* _Material for this exercise_:

= Beginning of Section =

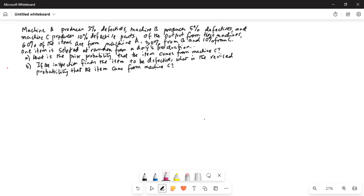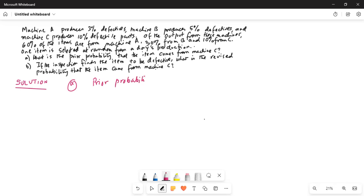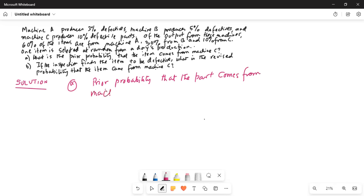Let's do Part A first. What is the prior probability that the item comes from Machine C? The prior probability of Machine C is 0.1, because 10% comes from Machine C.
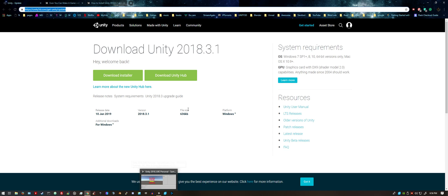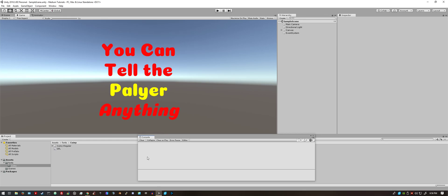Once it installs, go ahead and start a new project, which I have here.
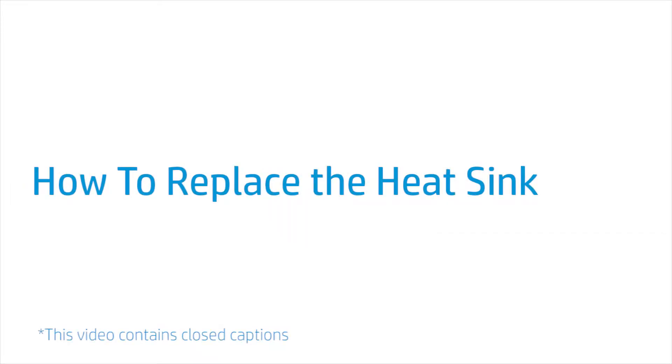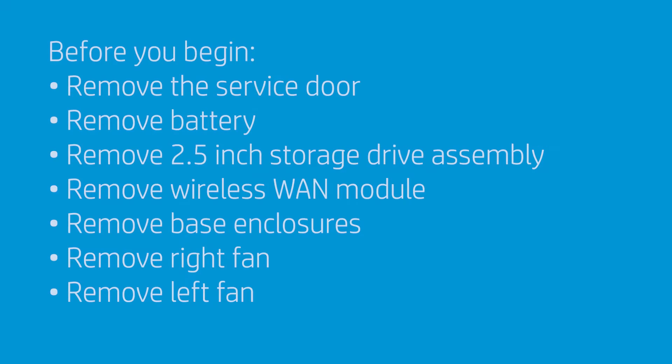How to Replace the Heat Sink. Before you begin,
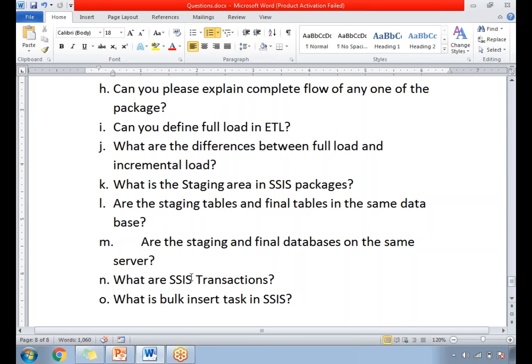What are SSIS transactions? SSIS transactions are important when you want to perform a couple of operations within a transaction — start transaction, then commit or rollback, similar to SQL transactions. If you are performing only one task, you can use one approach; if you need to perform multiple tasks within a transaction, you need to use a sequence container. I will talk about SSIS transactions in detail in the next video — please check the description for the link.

= End of Section =
= Beginning of Section =

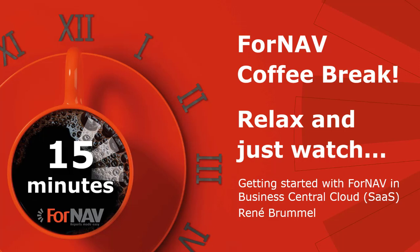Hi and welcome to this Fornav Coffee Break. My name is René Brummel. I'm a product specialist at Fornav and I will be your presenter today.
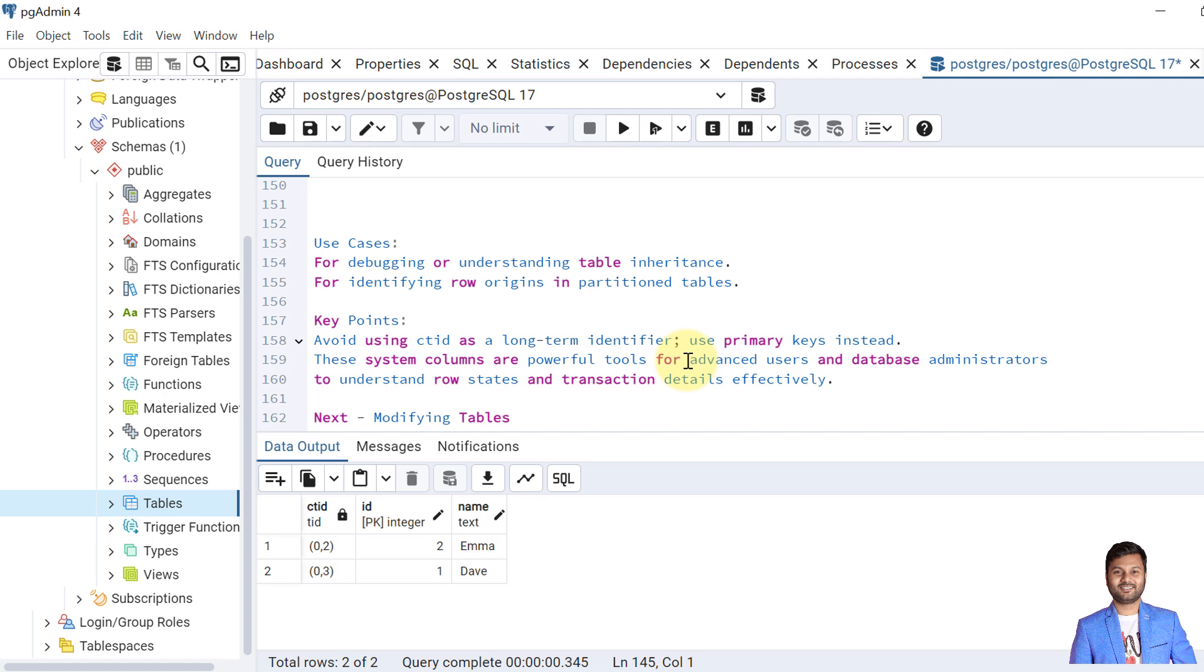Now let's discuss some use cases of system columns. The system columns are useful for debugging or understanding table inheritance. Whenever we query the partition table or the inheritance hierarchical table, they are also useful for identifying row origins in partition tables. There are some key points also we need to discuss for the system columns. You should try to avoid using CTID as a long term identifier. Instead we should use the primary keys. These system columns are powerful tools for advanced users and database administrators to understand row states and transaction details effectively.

= End of Section =

Everything above from the line with "Let's do Part" through the line with "How to Replace" should be retyped exactly, and nothing else; omit pictures.

* _Exercise response_:
Let's do Part A first. What is the prior probability that the item comes from Machine C? The prior probability of Machine C is 0.1, because 10% comes from Machine C.
Once it installs, go ahead and start a new project, which I have here.
How to Replace the Heat Sink. Before you begin,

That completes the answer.